Вряд ли случайно купечество родило самого большого нашего народного поэта. Очевидно, симптоматично, что оттуда к 30-м годам уже пробивались в большую русскую литературу люди типа Николая Полевого. Может быть, еще более симптоматично, что уже через несколько лет после смерти Кольцова одной из центральных фигур русской культуры станет Островский. Островского часто называли бытописателем купечества, даже певцом его. И хотя справедливо уточнялось, что он же писал и о дворянах, и о чиновниках, и о всяком разночинном люде или, как заметил Гончаров, исписал всю Московскую Русь, до сих пор трудно отделаться от впечатления, что мир его драмы – прежде всего мир купеческий. И в то же время именно он оказался создателем национального театра. Да, создавая этот купеческий мир, Островский оказался национальным и народным. Недаром уже первая его пьеса из купеческого быта «Свои люди – сочтемся» почиталась современниками как стоящая сразу за грибоедовским «Горем от ума» и «Ревизором» Гоголя. Проявились здесь некоторые общие особенности национальной жизни, были тому и социальные посылки. «В русском торговом сословии, – писал критик А.В. Дружинин, – которое зрело и формировалось под условиями оригинальными и довольно выгодными, вне крепостного права, которое извратило нравы крестьян и землевладельцев, вне чиновничества и чужеземного обезьянства, которое принесли много вреда высшим классам общества, в этом русском сословии драматический автор мог искать не одних Большовых и Подхалюзиных, не одних злостных банкротов и бездельников».
В пору своего «западничества» Герцен полагал, что в России «городская жизнь не восходит далее Петра, она вовсе не продолжение прежней, от былого остались только имена… Если что-нибудь осталось прежнего, так это у купцов, они по праву могут назваться представителями городской жизни допетровских времен, и пока они сохранят хоть бледную тень прежних нравов, реформа Петра будет оправдана, лучшего обвинения старому быту не нужно».
Итак, по Герцену, «прежнее» осталось только у купцов, но достойно оно лишь обвинения.
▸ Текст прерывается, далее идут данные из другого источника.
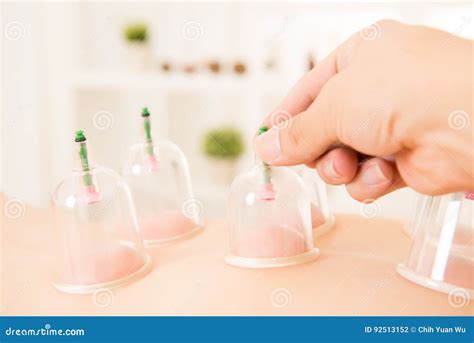 cupping therapy spa woman removes stock photo image  heal care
Уже Островский думал об этом иначе: шире и, если можно так сказать, социологичнее: «Этот класс, постепенно развиваясь, составляет теперь главную основу населения Москвы… Богатеющее купечество было по своему образу жизни и по своим нравам еще близко к тому сословию, из которого оно вышло… Сами крестьяне или дети крестьян, одаренные сильными характерами и железною волею, эти люди неуклонно шли к достижению своей цели, т. е. к обогащению, но вместе с тем так же неуклонно держались они и патриархальных обычаев своих предков… В сороковых и пятидесятых годах патриархальные порядки в купечестве, со смертью стариков – собирателей капиталов, стали исчезать. Дети и внуки их всей душой пожелали вкусить плодов цивилизации… Не все же, освободившиеся из-под гнета родительского и хозяйского деспотизма, бросились в трактиры; большинство унаследовало от отцов и дедов бойкую практическую сметливость и отвращение от нравственной распущенности».